In such cases, we apply the Chapman standard on appeal and we decide whether the error is harmless beyond a reasonable doubt. (See People v. Estrada (1998) 63 Cal.App.4th 1090, 1106-1107, citing Chapman v. California (1967) 386 U.S. 18, 24.)

D. State Standards

“Conduct by a prosecutor that does not render a criminal trial fundamentally unfair is prosecutorial misconduct under state law only if it involves the use of deceptive or reprehensible methods to attempt to persuade either the trial court or the jury.” (People v. Morales, supra, 25 Cal.4th at p. 44; People v. Hill, supra, 17 Cal.4th at p. 819.)

In such cases, we apply our state’s Watson standard on appeal to determine if there is a reasonable probability of a different result. (See People v.

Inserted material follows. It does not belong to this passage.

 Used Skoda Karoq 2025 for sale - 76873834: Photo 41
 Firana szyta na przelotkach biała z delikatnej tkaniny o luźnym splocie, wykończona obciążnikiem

Espinoza (1992) 3 Cal.4th 806, 820-821, citing People v. Watson (1956) 46 Cal.2d 818, 835.) Under that standard, “a miscarriage of justice has occurred when the case is closely balanced and the acts of misconduct are such as to have contributed materially to the verdict.” (People v. Wagner (1975) 13 Cal.3d 612, 621.)

II. Analysis

Defendant makes a single claim of prosecutorial misconduct, based on this statement in the prosecutor’s closing argument: “Reasonable doubt is reached every single day in courtrooms all across this country by jurors just like yourselves when they hear evidence such as this.” According to defendant, that argument “unfairly lessened the burden of proof.” Defendant further contends that the misconduct was prejudicial, because the evidence against him “was not overwhelming, and without improper argument, there is a reasonable probability that he would have been acquitted, or, at a minimum, hung the jury.” As we now explain, we reject both arguments.

A. There is no misconduct.

In support of his claim that the prosecutor engaged in misconduct, defendant relies on two cases: People v. Nguyen (1995) 40 Cal.App.4th 28 and People v. Martinez (1979) 76 Ill.App.3d 280. According to defendant, those two cases held similar prosecution arguments improper. (See People v. Nguyen,at p. 35; People v. Martinez, at p. 285.)

Defendant’s reliance on Nguyen is misplaced, as that case is distinguishable. There, the problem did not lie in the prosecutor’s observation that the reasonable doubt standard is applied “in every single criminal case. And the jails and prisons are full, ladies and gentlemen.” (People v. Nguyen, supra, 40 Cal.App.4th at p. 35.) Rather, the misconduct came thereafter, when the prosecutor compared the standard of guilt beyond a reasonable doubt to everyday decisions, like changing lanes while driving or deciding whether to marry. That comparison constituted misconduct, because it trivialized the standard of proof. (Id. at p. 36.) Here, by contrast, the prosecutor made no such comparisons.

Defendant’s reliance on Martinez likewiseis misplaced, because its key holding has since been abrogated. “The State acts improperly if it seeks in its comments and arguments to reduce its burden of proof to a pro forma detail or to shift the burden to the defendant. [Citation.] However, recent authority holds that merely arguing that proof beyond a reasonable doubt is a readily surmountable burden does not violate this prohibition. For instance, courts allow prosecutors to argue that defendants every day are properly being found guilty beyond a reasonable doubt. [Citations.] These more recent cases are contrary to the holding in People v. Martinez, 76 Ill.App.3d 280, 285, … (1979), cited by defendant, which held that such an argument reduces the burden of proof to a minor detail.” (People v. Majka (2006) 365 Ill.App.3d 362, 372-373.) Given the abrogation of the relevant holding in Martinez, we cannot agree with defendant that its “reasoning is sound.”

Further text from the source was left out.